What you should do
Omit the pictures. Transcribe exactly the lines below, from the one with "Bmw Motorrad Goes" up to and including the last.

Stored data
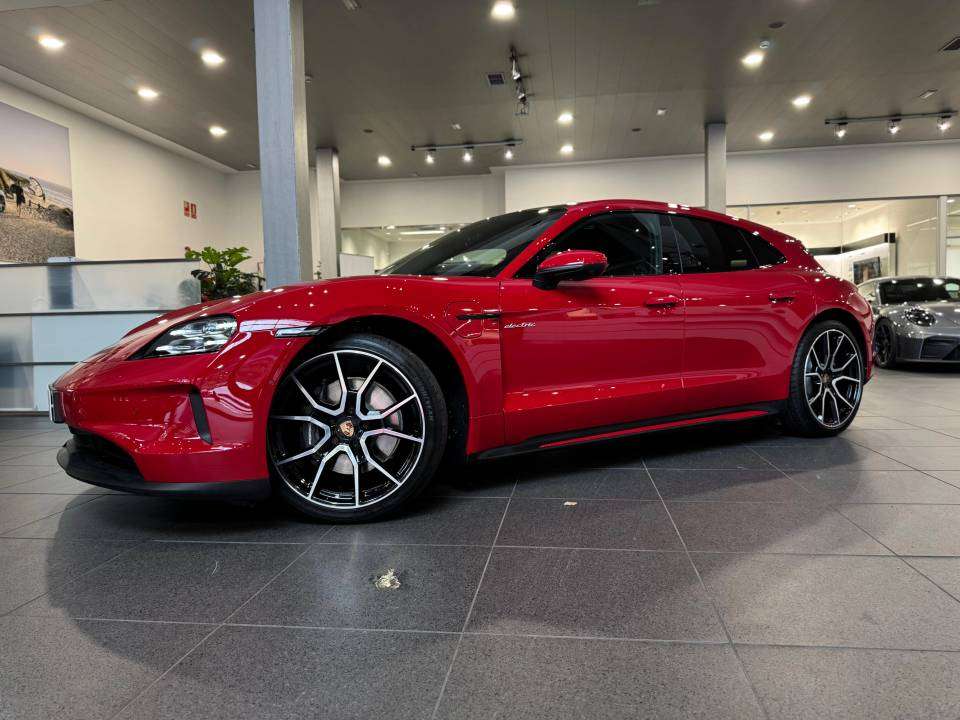 Porsche Taycan Sport Turismo - foto 1
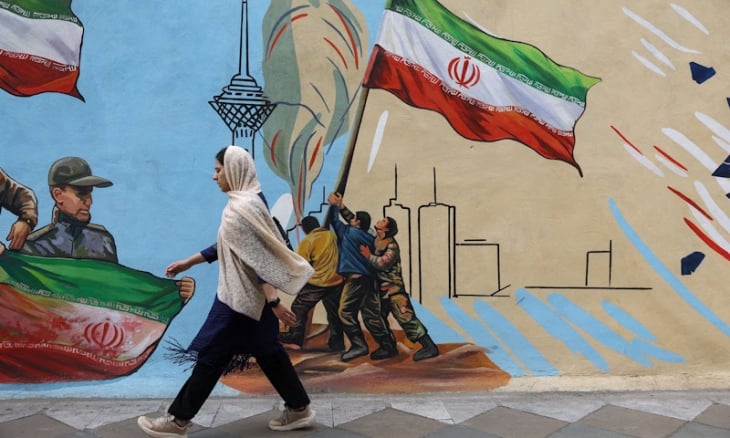 إيران تتحدث عن تقدم في ملفات عدة مع أمريكا من دون أن يكون الاتفاق وشيكا وتنفي فرض رسوم لعبور هرمز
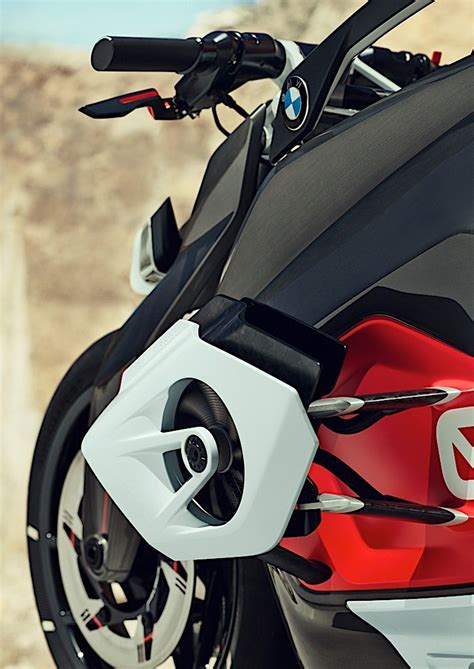 Bmw Motorrad Goes Electric With Naked Vision Dc Roadster Autoevolution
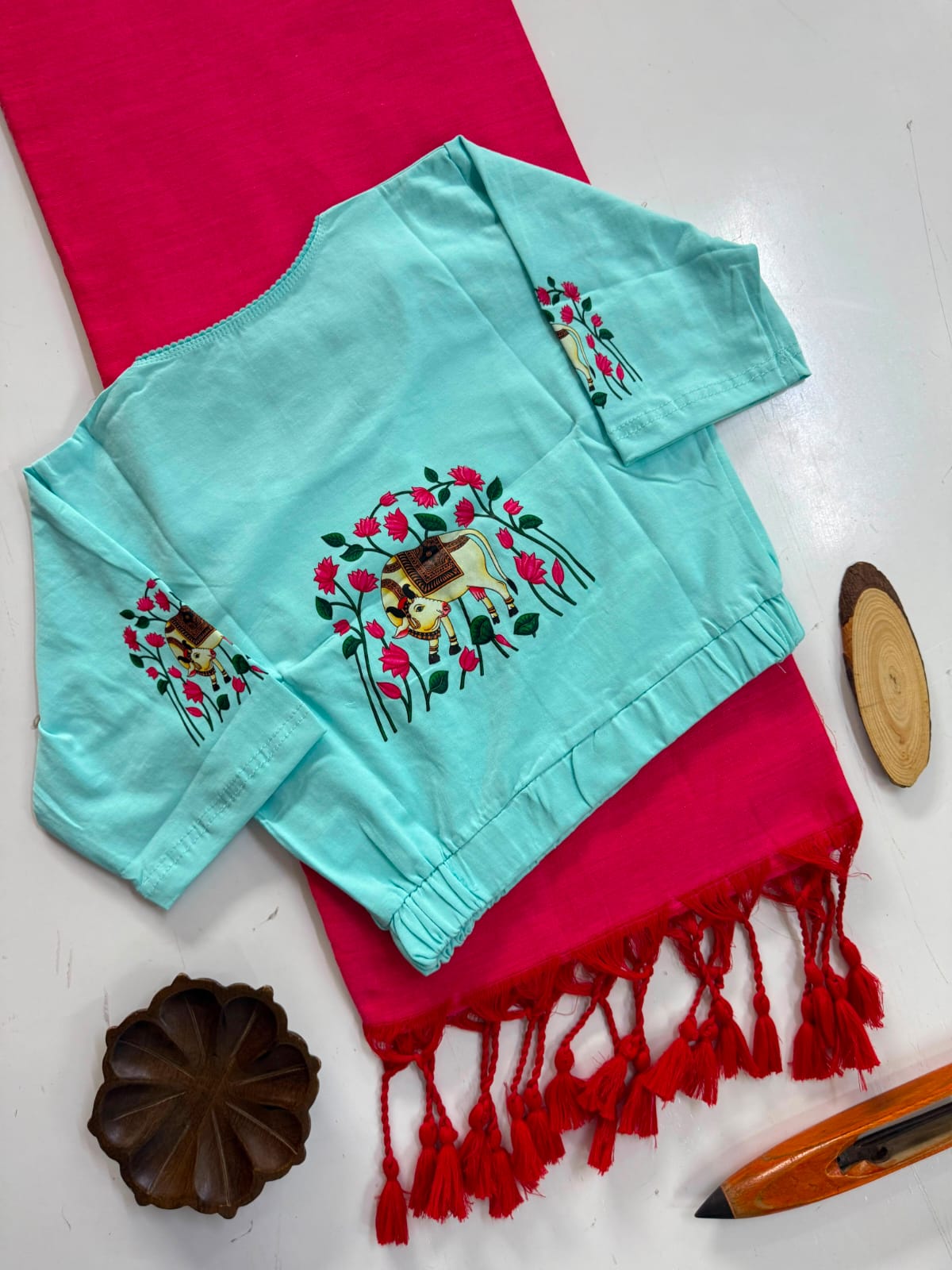 Stretchable blouse & khadi cotton saree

Written response
 Bmw Motorrad Goes Electric With Naked Vision Dc Roadster Autoevolution
 Stretchable blouse & khadi cotton saree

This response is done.